In the records below, the line with "Top floor apartment" opens the range and the line with "Банки для сыпучи.ваза" closes it; print that range exactly and nothing else.

### Task data:
- Opening Delimiter -

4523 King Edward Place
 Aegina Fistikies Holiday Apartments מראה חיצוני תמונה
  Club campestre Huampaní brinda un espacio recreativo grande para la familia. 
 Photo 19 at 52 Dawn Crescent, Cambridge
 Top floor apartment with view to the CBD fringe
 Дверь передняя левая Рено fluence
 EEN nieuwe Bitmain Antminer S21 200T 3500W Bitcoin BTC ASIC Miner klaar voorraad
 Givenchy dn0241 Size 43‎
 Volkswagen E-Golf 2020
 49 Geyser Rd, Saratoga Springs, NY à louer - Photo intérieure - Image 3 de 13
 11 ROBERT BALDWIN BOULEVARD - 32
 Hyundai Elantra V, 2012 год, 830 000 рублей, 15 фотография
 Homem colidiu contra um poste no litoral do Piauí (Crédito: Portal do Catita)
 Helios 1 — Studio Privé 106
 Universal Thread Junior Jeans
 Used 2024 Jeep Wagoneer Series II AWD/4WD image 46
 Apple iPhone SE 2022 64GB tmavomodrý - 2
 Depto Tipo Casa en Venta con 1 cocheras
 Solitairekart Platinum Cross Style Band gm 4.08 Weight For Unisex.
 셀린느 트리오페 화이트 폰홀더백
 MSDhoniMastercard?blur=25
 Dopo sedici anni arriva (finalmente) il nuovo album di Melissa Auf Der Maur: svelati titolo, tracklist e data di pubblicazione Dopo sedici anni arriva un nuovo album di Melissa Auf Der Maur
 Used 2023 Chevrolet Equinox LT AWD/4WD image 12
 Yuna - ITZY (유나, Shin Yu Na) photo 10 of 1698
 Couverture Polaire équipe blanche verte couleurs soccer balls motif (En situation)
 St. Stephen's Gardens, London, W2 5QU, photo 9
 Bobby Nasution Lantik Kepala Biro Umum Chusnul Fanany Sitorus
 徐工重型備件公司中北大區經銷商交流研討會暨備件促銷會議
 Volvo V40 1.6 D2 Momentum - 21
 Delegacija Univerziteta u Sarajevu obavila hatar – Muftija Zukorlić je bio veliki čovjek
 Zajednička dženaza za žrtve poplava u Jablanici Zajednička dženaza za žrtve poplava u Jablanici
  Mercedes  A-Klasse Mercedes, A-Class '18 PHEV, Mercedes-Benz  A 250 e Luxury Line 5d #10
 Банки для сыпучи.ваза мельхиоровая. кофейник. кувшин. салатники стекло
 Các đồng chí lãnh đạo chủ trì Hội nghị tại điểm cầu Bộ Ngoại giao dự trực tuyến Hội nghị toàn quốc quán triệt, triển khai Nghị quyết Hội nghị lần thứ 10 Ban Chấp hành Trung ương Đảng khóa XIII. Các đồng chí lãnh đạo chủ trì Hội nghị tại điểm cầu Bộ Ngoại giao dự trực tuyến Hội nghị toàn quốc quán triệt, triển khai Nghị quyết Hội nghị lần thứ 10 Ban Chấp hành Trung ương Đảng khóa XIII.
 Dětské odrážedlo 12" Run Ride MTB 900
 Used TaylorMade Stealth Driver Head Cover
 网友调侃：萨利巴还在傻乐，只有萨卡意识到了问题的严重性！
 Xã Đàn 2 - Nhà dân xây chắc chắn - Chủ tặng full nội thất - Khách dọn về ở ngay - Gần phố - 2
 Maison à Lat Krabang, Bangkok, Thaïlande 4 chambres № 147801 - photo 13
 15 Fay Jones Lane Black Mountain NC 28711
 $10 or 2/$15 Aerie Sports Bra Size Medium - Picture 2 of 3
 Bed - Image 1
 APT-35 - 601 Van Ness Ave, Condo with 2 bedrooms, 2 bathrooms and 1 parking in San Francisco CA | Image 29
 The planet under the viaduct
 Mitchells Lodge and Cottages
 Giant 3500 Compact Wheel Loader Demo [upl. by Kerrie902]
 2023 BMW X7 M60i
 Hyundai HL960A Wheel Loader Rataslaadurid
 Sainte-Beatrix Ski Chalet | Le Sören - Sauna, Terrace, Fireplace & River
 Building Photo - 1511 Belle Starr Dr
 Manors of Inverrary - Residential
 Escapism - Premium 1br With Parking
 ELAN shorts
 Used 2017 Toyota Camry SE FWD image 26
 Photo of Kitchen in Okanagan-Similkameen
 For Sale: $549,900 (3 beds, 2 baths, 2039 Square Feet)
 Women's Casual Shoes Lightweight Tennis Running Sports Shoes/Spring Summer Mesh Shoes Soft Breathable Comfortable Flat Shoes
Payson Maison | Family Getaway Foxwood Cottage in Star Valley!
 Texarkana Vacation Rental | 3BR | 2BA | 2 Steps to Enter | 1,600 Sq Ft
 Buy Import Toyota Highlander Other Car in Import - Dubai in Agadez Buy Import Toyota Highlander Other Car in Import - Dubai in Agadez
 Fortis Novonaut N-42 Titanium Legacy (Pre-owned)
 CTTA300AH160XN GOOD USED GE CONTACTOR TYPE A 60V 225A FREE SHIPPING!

- Closing Delimiter -

### Answer below:
 Top floor apartment with view to the CBD fringe
 Дверь передняя левая Рено fluence
 EEN nieuwe Bitmain Antminer S21 200T 3500W Bitcoin BTC ASIC Miner klaar voorraad
 Givenchy dn0241 Size 43‎
 Volkswagen E-Golf 2020
 49 Geyser Rd, Saratoga Springs, NY à louer - Photo intérieure - Image 3 de 13
 11 ROBERT BALDWIN BOULEVARD - 32
 Hyundai Elantra V, 2012 год, 830 000 рублей, 15 фотография
 Homem colidiu contra um poste no litoral do Piauí (Crédito: Portal do Catita)
 Helios 1 — Studio Privé 106
 Universal Thread Junior Jeans
 Used 2024 Jeep Wagoneer Series II AWD/4WD image 46
 Apple iPhone SE 2022 64GB tmavomodrý - 2
 Depto Tipo Casa en Venta con 1 cocheras
 Solitairekart Platinum Cross Style Band gm 4.08 Weight For Unisex.
 셀린느 트리오페 화이트 폰홀더백
 MSDhoniMastercard?blur=25
 Dopo sedici anni arriva (finalmente) il nuovo album di Melissa Auf Der Maur: svelati titolo, tracklist e data di pubblicazione Dopo sedici anni arriva un nuovo album di Melissa Auf Der Maur
 Used 2023 Chevrolet Equinox LT AWD/4WD image 12
 Yuna - ITZY (유나, Shin Yu Na) photo 10 of 1698
 Couverture Polaire équipe blanche verte couleurs soccer balls motif (En situation)
 St. Stephen's Gardens, London, W2 5QU, photo 9
 Bobby Nasution Lantik Kepala Biro Umum Chusnul Fanany Sitorus
 徐工重型備件公司中北大區經銷商交流研討會暨備件促銷會議
 Volvo V40 1.6 D2 Momentum - 21
 Delegacija Univerziteta u Sarajevu obavila hatar – Muftija Zukorlić je bio veliki čovjek
 Zajednička dženaza za žrtve poplava u Jablanici Zajednička dženaza za žrtve poplava u Jablanici
  Mercedes  A-Klasse Mercedes, A-Class '18 PHEV, Mercedes-Benz  A 250 e Luxury Line 5d #10
 Банки для сыпучи.ваза мельхиоровая. кофейник. кувшин. салатники стекло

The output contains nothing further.